Today, Team Gameosity is putting some time towards our degrees in the Dark Arts by doing a Kickstarter preview for Studies in Sorcery – a game of set collection, card drafting, and necro-alchemy!
This prototype copy of Studies in Sorcery was provided to us for our consideration and possible preview. We reserve the right to request a finished copy of all games we preview, but aren’t otherwise compensated.
In Studies in Sorcery, you and your opponents take on the roles of students at the Academy of the Dark Arts. It’s your last semester and everyone is vying for the title of Valedictorian by finishing their master theses in Alchemy, Sorcery, and Reanimation. Whoever earns the most credits for their projects wins!

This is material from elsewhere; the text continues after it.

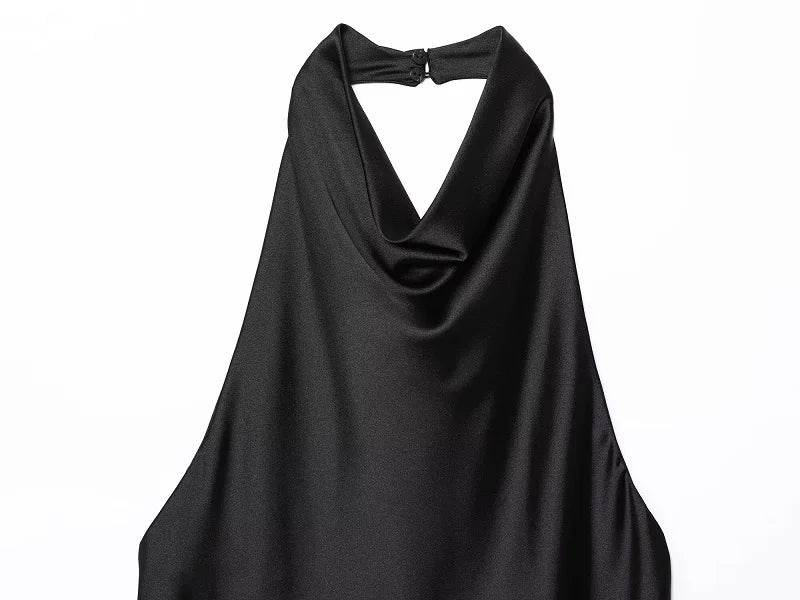 SAINT CLAIRE Noir satin backless camisole, sleek and elegant, featuring smooth fabric and a stylish backless design.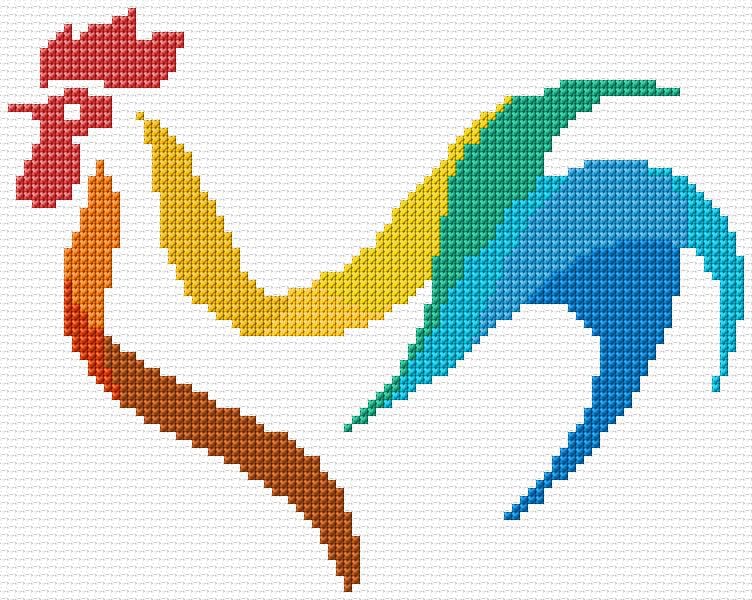 Rooster free cross-stitch pattern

Studies in Sorcery is played over 16 rounds which are depicted as weeks of a semester on the Moon track. At the beginning of the game everyone will start with a research grant, 1 project card, and 1 thesis card which is your secret objective. Each turn you must take 1 action, which could be starting a project, digging for new materials, cram, or making progress on your projects.
You can purchase a project using your research grant or any number of materials whose value adds up to the project you are purchasing. You can purchase as much as you like from the display, but be careful because those materials you are spending are the same ones you might need to finish your projects!
Each project will have requirements that you can use materials to fulfill. To get new materials cards you must dig which means that you will flip over the first grave card. Then you must decide if you are going to take that card or try the next grave. If you pass on a grave pile, you must add a new card from the grave deck to the pile you left behind, meaning future digs at that pile will have more cards available. If you pass on all the piles you can either take the top card of the grave deck or a Candle or Vial card from the market.
Time is limited in Studies in Sorcery and you’ll want to finish as many projects as possible, but while all projects give you points, some also give you access to unique abilities and extra materials! If you have completed projects with the action icon on them, you can use your action for the turn to activate them. These actions can do things like allow you to take additional turns, take extra materials, commit extra cards to projects, or remove negative points from projects. There are also projects that give you bonus points for other projects that you or your neighbor complete.
While both our chosen strategies felt viable when we were playing, the fact is that the more abilities you gather in Studies in Sorcery, the less the randomness of the card draws affects you – and there is a lot of randomness here, to be fair. The ingredients you draw from digging are random, as are the available projects, so you might have your shadowy heart set on completing a specific set, only to find that those projects just aren’t coming up for grabs. And this may bother some of you more than others, but there is very little interaction, meaning that when someone starts to gain an advantage and pull away from the pack, there’s nothing you can really do about it aside from just try to win harder.
All in all, though, we had fun with Studies in Sorcery. While the randomness sometimes left us spinning our wheels a bit, when we treated it more as an engine building exercise and less like a point grab, we found the gameplay to be easy to engage and pretty fun. Even though it’s a protoype, we already love the artwork and can’t wait to see what the finished product looks and plays like!